“It was a bright cold day in April, and the clocks were striking thirteen.” - George Orwell, 1984
Agile, in a nutshell, boils down to a team collaborating to verify their ideas by taking small steps on their journey, reflecting, and then adapting. They use the newly gained insights to their benefit. Agile approaches are about accepting that you can’t know everything upfront, so you are on a journey of discovery.
Agile took inspiration from the scientific approach to verify assumptions by experimenting and working with objective facts: the experiment's results. Teams don’t trust their value estimations to be 100% true. They will verify if the users really like the product by gaining feedback or inspecting information like user satisfaction or market share. They will take small steps because a long period without reflection is risky.
Agile has had a long period of success. In 2024, a majority of organizations work Agile in any shape or form. But will it survive the post-truth era?
With the rise of social media, we have entered the post-truth era. Fact-checking is a thing of the past. Many people spend their social media lives in an information bubble that confirms their cognitive bias.
More and more, people perceive misinformation as fact as it confirms their ideas or it leans towards what they want to believe. Unconsciously, people pick and choose the things they wish to be true.
People have forgotten what it means to be wrong. They forgot what it means to pivot based on new information that has come to light. What’s worse: they distrust those who come with different insights than theirs.
“Freedom is the freedom to say that two plus two make four.” - George Orwell, 1984
The post-truth era doesn’t only impact the view on learning approaches like Agile. It also gives a podium to people with unfriendly motives. This exists in all kinds of shapes and forms.
One way is an unfounded hating of Agile. Hate blogs, for instance, get far more reads than positive information. It seems that people love to hate. The internet is filled with articles and videos hating on Agile.
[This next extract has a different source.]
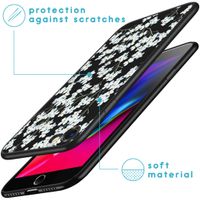 imoshion Design Hülle iPhone SE (2022 / 2020) / 8 / 7 - Blume - Weiß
When you read or view them though, they are often building a strawman, call it Agile and then criticize Agile unfounded.
I acknowledge Agile isn’t a magic solution, but unfounded criticism flooding the social networks is something else.
Another way is how snake oil salesmen dismiss Agile as something from the past, selling their next big thing. They gamble that no one will notice that this next big thing is nothing more than a watered-down version of Agile with many misunderstandings of the original and throwing in things that are popular today.
Then we have the billionaire bullies who force their people to work long hours, do what they tell them, however stupid the idea is, and dismiss anything resembling self-management. All the while presenting themselves as the greatest geniuses of the world, urging other so-called leaders to follow in their footsteps.
The post-truth era impacts us in many more ways that are more important than the state of Agile. It profoundly impacts us on a global scale, often in a scary way. I think we all have examples of this.
I can’t separate the lower popularity of Agile from the current post-truth era. For me, the only way to thrive is to embrace the truth, however uncomfortable it is. And be Agile and adapt to the truth. In every aspect of life.
“Power is in tearing human minds to pieces and putting them together again in new shapes of your own choosing.” - George Orwell, 1984
I would add one critical aspect from the Agile community: The bashing of the Agile Industrial Complex. So many people made money and careers selling frameworks, training and certifications, and now this is bad and done "by the others". There are some very good self-critical articles out there, but they are surprisingly rare. Empiricism is hard to live up to, and many Scrum practitioners fail to do so.